Volume of production. Manually-operated machines are unsuitable for high-volume production. On the other side, fully-automated ones are expensive in terms of initial as well as running costs.

Quality of product. Machine and process should make the product meet industry or military standards.

Reliability. Once setup is placed into service, it is critical that it remains operational. Equipment in the setup therefore should withstand the rigors of production. Maintenance downtime should not be overlooked. Maintenance requirements should be compared carefully before selecting the equipment.

Life cycle. Machine should provide seven to ten years of service.

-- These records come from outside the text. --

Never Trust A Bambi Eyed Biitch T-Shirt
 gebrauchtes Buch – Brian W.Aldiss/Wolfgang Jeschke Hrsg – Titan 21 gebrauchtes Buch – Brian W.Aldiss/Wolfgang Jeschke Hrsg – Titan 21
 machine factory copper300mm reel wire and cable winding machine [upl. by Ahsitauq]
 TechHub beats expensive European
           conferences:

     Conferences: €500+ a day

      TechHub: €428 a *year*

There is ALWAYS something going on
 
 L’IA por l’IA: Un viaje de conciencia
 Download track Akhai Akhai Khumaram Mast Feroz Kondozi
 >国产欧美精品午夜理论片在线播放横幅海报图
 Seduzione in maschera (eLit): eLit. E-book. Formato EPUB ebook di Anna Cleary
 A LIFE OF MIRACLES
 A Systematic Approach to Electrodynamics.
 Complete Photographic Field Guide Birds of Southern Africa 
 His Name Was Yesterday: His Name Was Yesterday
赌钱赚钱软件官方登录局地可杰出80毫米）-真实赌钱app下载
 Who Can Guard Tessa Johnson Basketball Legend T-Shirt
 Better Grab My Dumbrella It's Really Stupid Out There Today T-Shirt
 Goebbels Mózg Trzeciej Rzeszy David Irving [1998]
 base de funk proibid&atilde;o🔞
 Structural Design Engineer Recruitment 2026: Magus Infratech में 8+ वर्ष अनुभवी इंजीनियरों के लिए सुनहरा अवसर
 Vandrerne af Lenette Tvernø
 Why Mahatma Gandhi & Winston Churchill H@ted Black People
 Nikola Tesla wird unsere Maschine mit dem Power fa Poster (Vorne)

Vendor credibility. Credibility of manufacturer or vendor is of utmost importance. Their experience, standing in the market, provision of training facilities, clause of maintenance support, location of service centres, provision of field service and availability of spares are some aspects that must be considered.

Conclusion

Manufacturing setups for assembling PCBs are very expensive in terms of initial and running costs. These are available from highly-integrated as one setup to an ensemble of stand-alone machines. Once established, the facility must remain operative for all times except when under maintenance. It is therefore imperative that evaluation of machines is done on the basis of the nature of business, volume of production, profile of product and dependability of the vendor.

Do you like this article? You may also like these buyer’s guides.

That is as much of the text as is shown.